== Exercise inputs ==

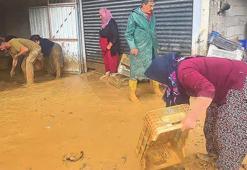 Malatya'da sağanak etkili oldu; ev, depo ve ahırları su bastı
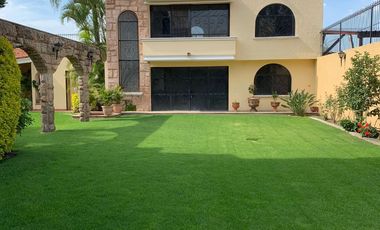 Casa Chalet en venta en Jardines de Santa Anita Tlajomulco Jal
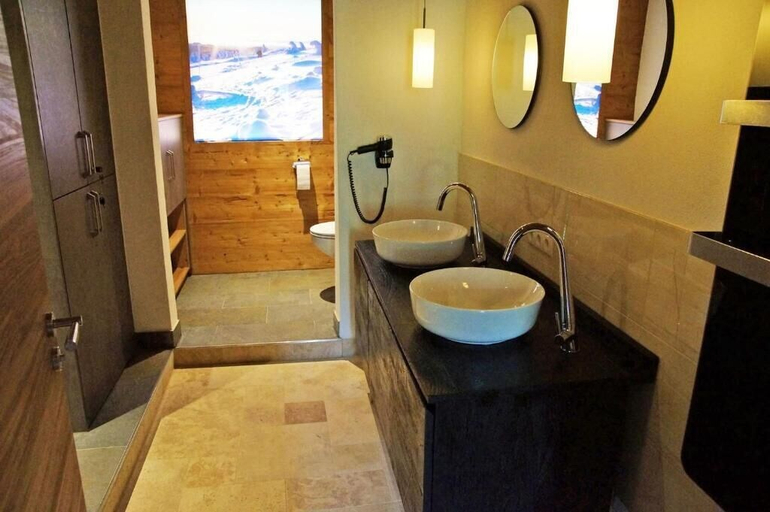 Bathroom 3, Alpengasthof Krische, Murau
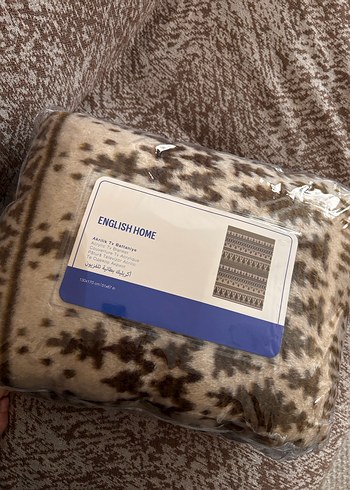 ENGLISH HOME Kahverengi Desenli Battaniye - Görsel 3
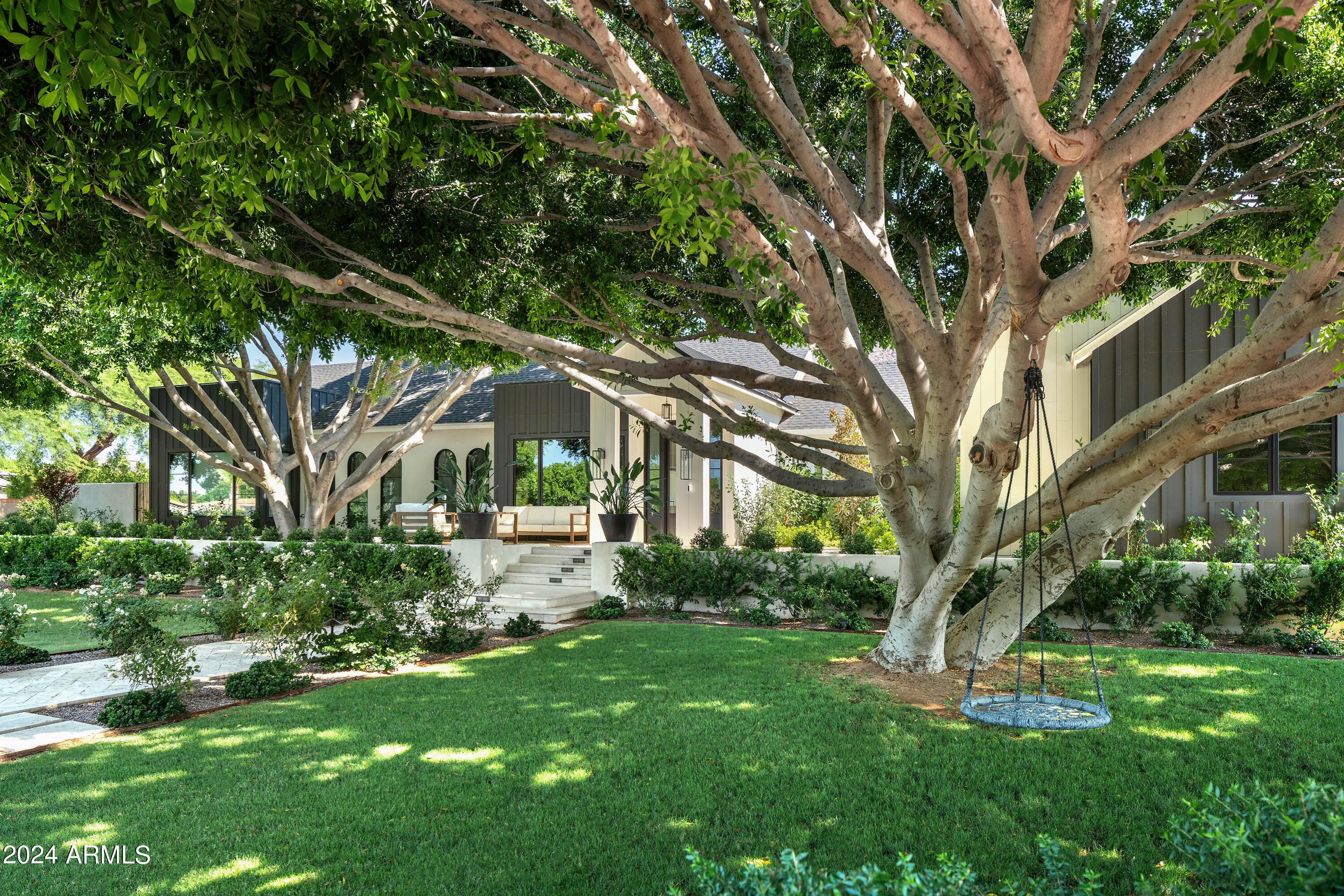 5502 E MARIPOSA Street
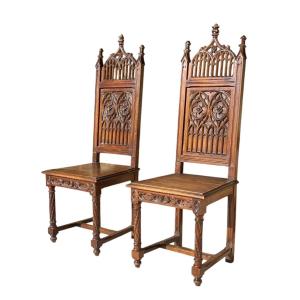 Paire de chaises gothiques en noyer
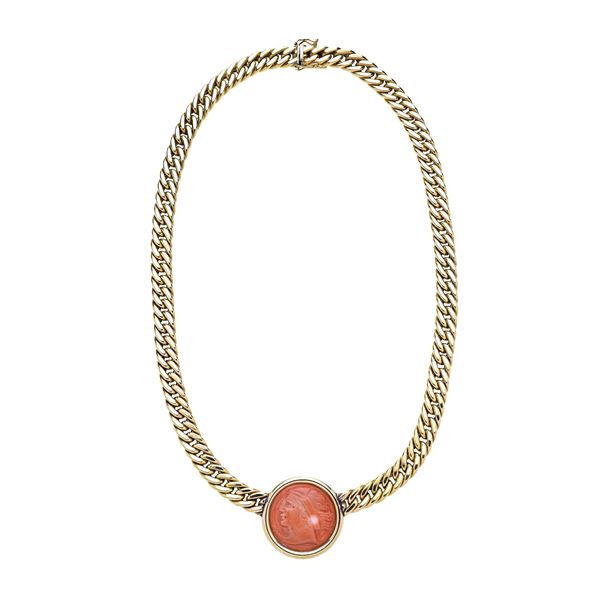 Necklace in yellow gold and cameo engraved in pink coral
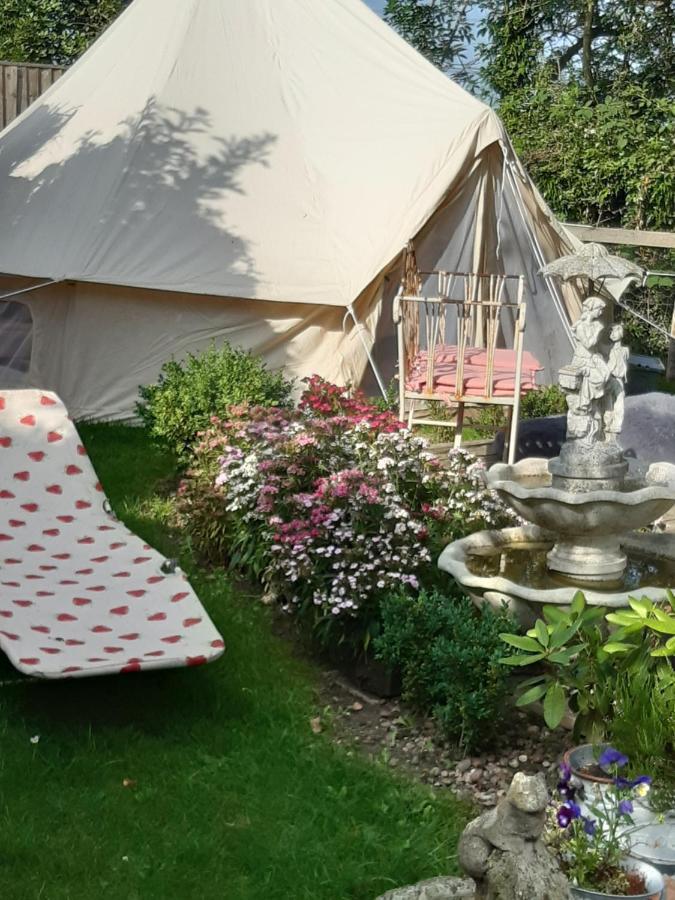The White Dove Bed And Breakfast With Bell Tents And Private Hot Tubs Coddington  Exteriér fotografie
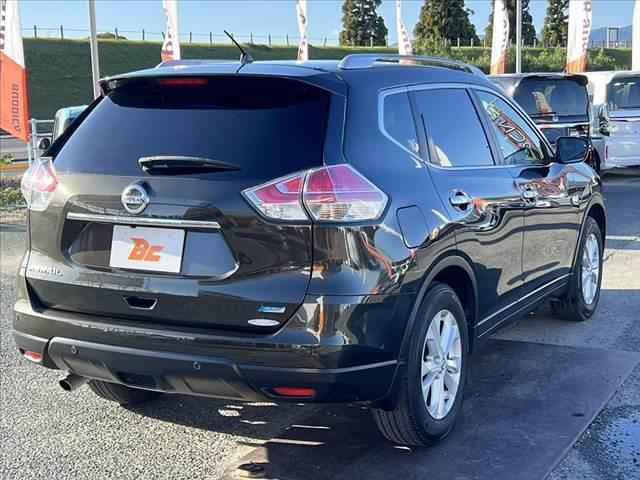 エクストレイル ２０Ｘ　エマージェンシーブレーキパッケージ　パノラミックガラスルーフ　純正８インチナビ／フルセグ／ＤＶＤ／ＢＴ　ＬＥＤヘッドライト　ルーフレール　エマブレ　Ａライト　インテリキー　Ｐスタート　ＥＴＣ　シートヒーター　Ａストップ　シートリフター（13枚目）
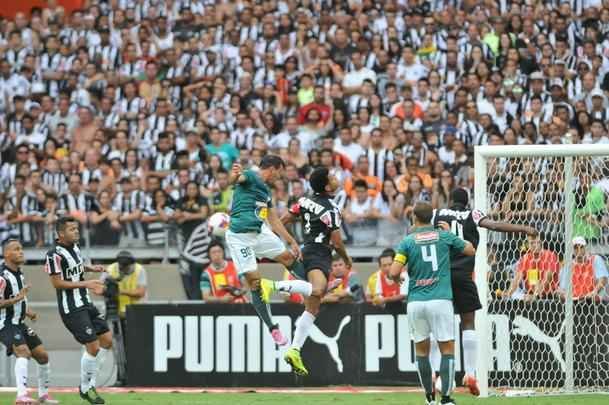 Imagens do primeiro tempo do jogo entre Atltico e Caldense, no Mineiro, pela final do Estadual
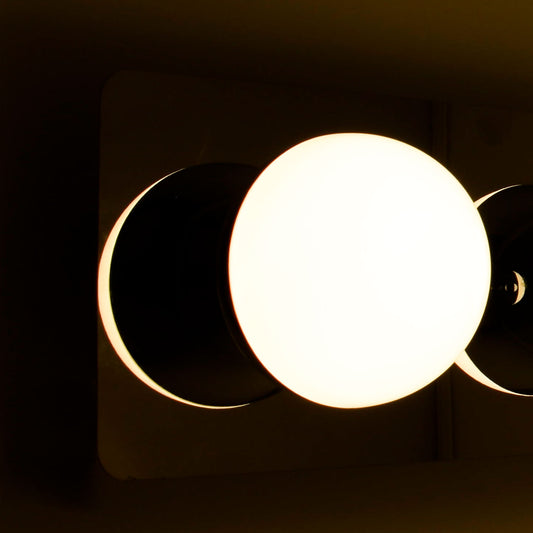 Aplique SIRLA fabricado en metal cromado, con difusor de policarbonato (PC) para baño, luz neutra.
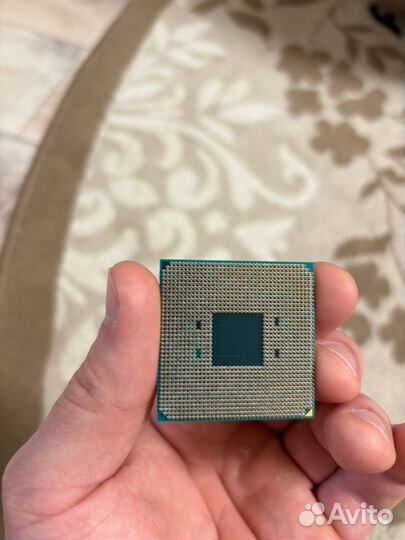 Процессор Ryzen 3 2200g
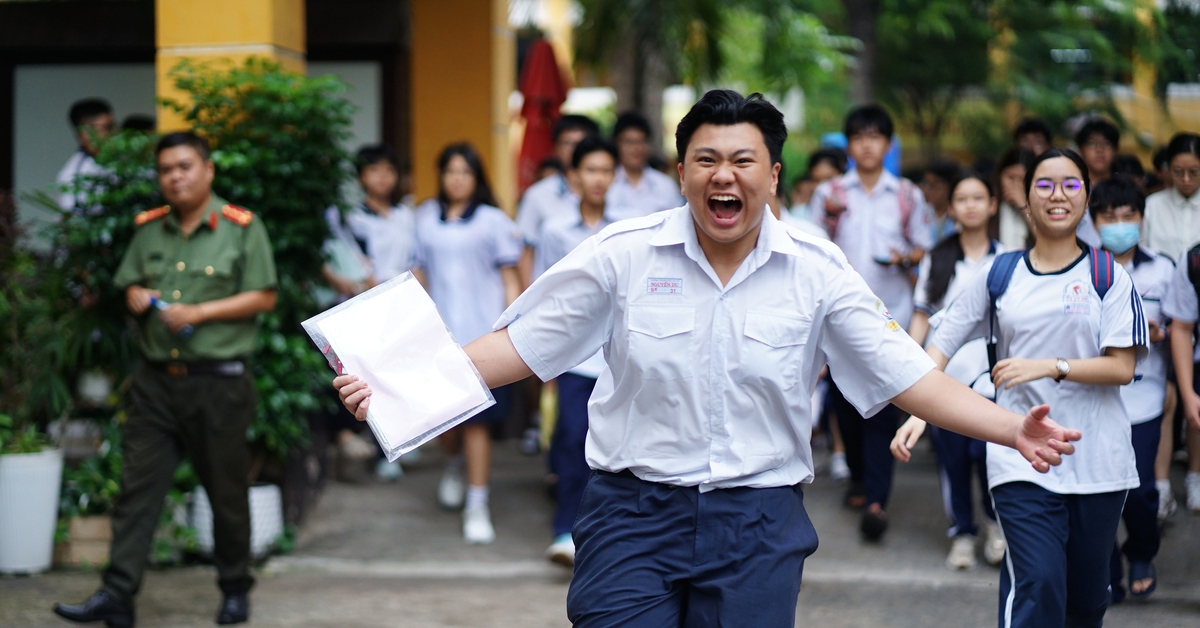 Thi vào lớp 10 TP.HCM buổi thứ 2: Đề dễ, sĩ tử ai cũng tươi hơn hoa vì “kỳ này mưa điểm 10”!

===

# Work instructions:
From the listing, extract all text exactly as given and drop any picture.

# Task solution:
 Malatya'da sağanak etkili oldu; ev, depo ve ahırları su bastı
 Casa Chalet en venta en Jardines de Santa Anita Tlajomulco Jal
 Bathroom 3, Alpengasthof Krische, Murau
 ENGLISH HOME Kahverengi Desenli Battaniye - Görsel 3
 5502 E MARIPOSA Street
 Paire de chaises gothiques en noyer
 Necklace in yellow gold and cameo engraved in pink coral
The White Dove Bed And Breakfast With Bell Tents And Private Hot Tubs Coddington  Exteriér fotografie
 エクストレイル ２０Ｘ　エマージェンシーブレーキパッケージ　パノラミックガラスルーフ　純正８インチナビ／フルセグ／ＤＶＤ／ＢＴ　ＬＥＤヘッドライト　ルーフレール　エマブレ　Ａライト　インテリキー　Ｐスタート　ＥＴＣ　シートヒーター　Ａストップ　シートリフター（13枚目）
 Imagens do primeiro tempo do jogo entre Atltico e Caldense, no Mineiro, pela final do Estadual
 Aplique SIRLA fabricado en metal cromado, con difusor de policarbonato (PC) para baño, luz neutra.
 Процессор Ryzen 3 2200g
 Thi vào lớp 10 TP.HCM buổi thứ 2: Đề dễ, sĩ tử ai cũng tươi hơn hoa vì “kỳ này mưa điểm 10”!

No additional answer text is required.